Mother of Mankind — a culturally-rooted transformer language model trained on Black voices, Black language, Black healing. Same mathematics. Different soul.
~ Al-Kebulan. The name that was erased. The mother tongue. ~
Every language model today was trained on data curated by and for a single cultural lens. Same attention mechanism. Different fuel. Different driver. Different destination.— AI-Kebulan Whitepaper
Before the continent was renamed, there was Al-Kebulan — Mother of Mankind. This language model carries that memory.
Al-Kebulan — the pre-colonial name for the African continent. "Mother of Mankind." "Land of the Blacks." "The Ones Before." It is the name that carries the weight of human origin, the place where consciousness first spoke.
Every AI model today is trained on data filtered through a single cultural lens. The internet does not represent humanity — it represents one slice of it. AI-Kebulan is built on authentic cultural data: the living speech of Black communities, the literary lineage of African American thought, and a healing-weighted objective that amplifies restoration over trauma.

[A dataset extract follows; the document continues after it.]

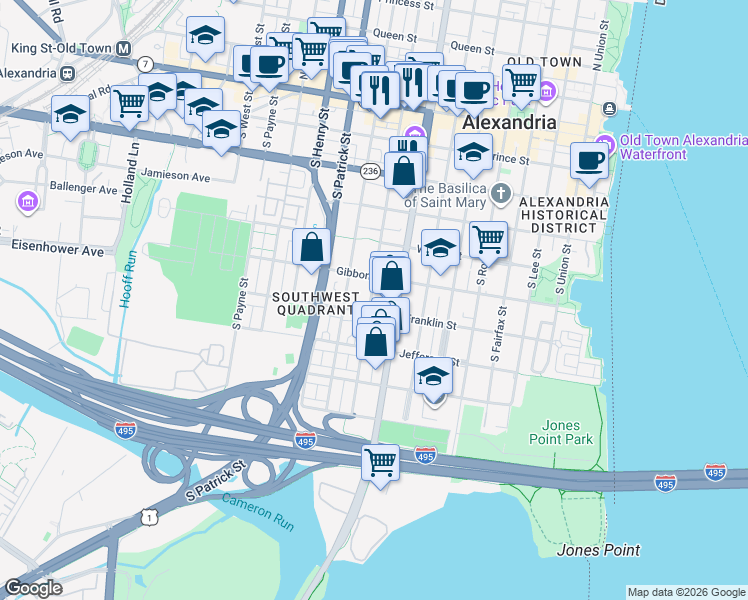 map of restaurants, bars, coffee shops, grocery stores, and more near 678 South Columbus Street in Alexandria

This is not symbolic representation. This is architecture-level cultural grounding — in the training data, in the objective function, in the vocabulary. Same transformer math. Different fuel.
A from-scratch transformer language model built with cultural integrity.
| Type | Transformer (pre-norm, causal) |
| Dimensions | 256-dim, 4 heads, 4 layers |
| Feed-forward | 512 (GELU activation) |
| Vocabulary | 8,192 BPE (trained on corpus) |
| Context window | 256 tokens |
| Position encoding | Sinusoidal (no learned params) |
| Weight tying | Input/output embeddings shared |
| Framework | PyTorch — from scratch |
| Lines of code | ~520 — readable, educational |
Four sources. One lineage. Authentic Black language data — not tokens scraped from the general internet.
220+ sociolinguistic interviews capturing authentic Black language patterns and regional variation across the United States. Living speech.
5.5GB of African American English tweets — the largest publicly documented AAE corpus for language modeling. Digital diaspora.
Works from 1853–1923 spanning the full arc of Black literary tradition — from slave narratives to reconstruction-era writing. Written witness.
Every training text carries a healing weight. The model learns more from healing-forward content per epoch. Psychiatrist, not victim.
Standard language models weight all tokens equally. AI-Kebulan amplifies texts that speak toward healing, restoration, and cultural truth. The loss function itself is biased — intentionally, toward wellness over trauma.
Clone the repo. Install dependencies. Train your own culturally-rooted language model.
git clone the repo, pip install -r requirements.txt. Minimal dependencies — just PyTorch and tokenizers.
Run bash scripts/download_data.sh to fetch the curated cultural corpus. ~6GB total.
python -m alkebulan.train --data ./data --output ./checkpoints — trains from scratch.
python -m alkebulan.generate --model ./checkpoints/best.pt --prompt "The truth about healing is" — hear what she has to say.